How do you extend and customize a database?

Here's the scenario:  your application is frequently customized per customer, and that means the database has to accomodate new types of information.  My question to you is what do you think is the best (least bad) way?  Here are the strategems I've used or seen before:

  • Allow custom fields to be added to the database tables.  Slippery slope to Hell in my experience.  As an internal IT architect, customizing 3rd party code filled me with dread because our upgrade path was shot and support was often harder.  Inside a product company that kind of customization adds maintainability costs, especially if you have to keep customer specific branches.  I have seen some systems accomodate this with custom data dictionaries and metadata driven architectures.  Needless to say, it's complex.
  • Use wildcard fields at the end of tables like "string_field_1" or "int_field_1" that can be used for anything.  I refer to this kind of design as the "Mystery Meat" antipattern because it's never obvious what's in there.

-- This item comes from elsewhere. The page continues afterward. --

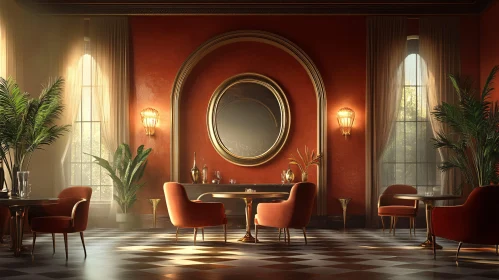 Sophisticated Room with Terracotta and Gold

  • Store extended information in name/value extension tables.  Flexible, but often clumsy in execution.  More Mystery Meat.  Drives DBA's nearly insane.  Wait, that might be a plus.

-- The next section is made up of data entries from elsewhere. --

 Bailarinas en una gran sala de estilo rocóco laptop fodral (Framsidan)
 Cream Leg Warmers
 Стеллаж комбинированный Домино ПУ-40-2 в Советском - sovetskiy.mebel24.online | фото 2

  • Serialize the extended properties as Xml or some other sort of Memento representation in a column.  Presupposes an Object Oriented Domain Model approach.  Requires some customization of the persistence layer, but I think some O/R tools support this (ActiveRecord in RoR does at least).  Doesn't work all that well for reporting needs.  Mystery Meat again.

On a tangential note, is anybody using a true OODB?  Do you think it'll ever be feasible/practical/common?  Maybe the XML hybrid databases will end up being better.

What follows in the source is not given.